Gale’s Small Business Resource Center did some rebranding of its own a few months back. But we went all out—we didn’t just lop off the last word—it’s not Small Business Resourcin’ now. No, if you look up the URL today, you’ll find Small Business Resource Center is now called Gale Business: Entrepreneurship. You’ll also find a cleaner and more intuitive home page that highlights the research topics prospective entrepreneurs are looking for.
But people liked Small Business Resource Center. So why change?
“Gale is making enhancements across its online products. By improving the functionality and user experience of our databases, we make the content more discoverable,” said Kristin Mallegg, content strategist for the Business and Organizations team. “The new interface offers a familiar experience that is similar to the sites users visit often and is designed to build comfort and confidence in using a library database. These enhancements will help users find content relevant to their needs while delivering an engaging experience affording easy access to search tools. The move toward greater consistency is reflected in the product name changes.”
Well, the first reviews are in, and the users seem to agree. “I would switch my institution to the new design today,” one Gale customer said. “It’s a much more end-friendly and intuitive experience.” Another user raved about the new look and layout of the platform: “The design is cleaner and more modern, which students are more familiar with. I think they would be able to find information easier. Also, the filters and related terms will help students narrow and/or expand their searches, which is a common weakness in their search results.”
Needless to say, we’re thrilled the initial feedback is positive. But I kept coming back to something Kristin said: “These enhancements will help users find content relevant to their needs . . .” That’s the bottom line, isn’t it? Because we could rebrand to Gale Business: Super-Duper Entrepreneurship and make the site more beautiful than a Monet and it wouldn’t matter if the users didn’t find content relevant to their needs. Quality content relevant to their needs.
I wrote two blogs last year where I profiled four people who started their own business. So I got to thinking: What if a few of these prospective entrepreneurs had stumbled upon Gale Business: Entrepreneurship in the planning stage of their venture and wanted information on a specific topic? Would they find what they were looking for? Would they find content, quality content, relevant to their needs?
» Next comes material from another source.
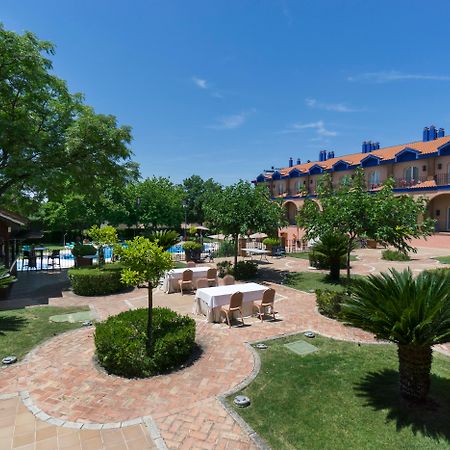 Hotel Fuente Las Piedras Кабра Екстериор снимка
For example, one entrepreneur, James Mathison, spoke about how important it was to have a solid business plan: Would he find valuable information about business plans on Gale Business: Entrepreneurship? Easily. Business Plans is one of the first links under Browse Topics on the home page. One click will lead him to over 1,500 magazine and journal articles that touch on business plans. Moreover, almost 1,000 sample business plans from Gale’s Business Plans Handbook would be at James’s fingertips.
But what if the topic wasn’t as broad as “business plans”? Another entrepreneur I profiled, Steph Tortomasi, is co-owner of Geek Chic Collective and sells pop culture jewelry and accessories on Etsy. What if Steph was perusing Gale Business: Entrepreneurship for tips on how to start and manage a venture on Etsy? What would she find? Well, I went to the Gale Business: Entrepreneurship home page and did a basic search on “Etsy business” and found over three dozen resources, including a 3,400-word essay titled “Etsy + Entrepreneurship = Etsy-preneurship” from the book Etsy-preneurship: Everything You Need to Know to Turn Your Handmade Hobby into a Thriving Business. Which is great. But we live in a digital world; did I get any results in that arena? Yes, and some interesting stuff: a video from the New York Times video collection on how Etsy is giving small business owners a chance to sell to retailers, as well as an NPR Morning Edition audio file of an interview called “Etsy Crafts: A Strategy for Staying Handmade and Profitable.”
So yes, quality content. And easy to find. It took me less than 30 seconds. And it’s a miracle if I can turn on my laptop in the morning without calling the help desk. Imagine what you could do.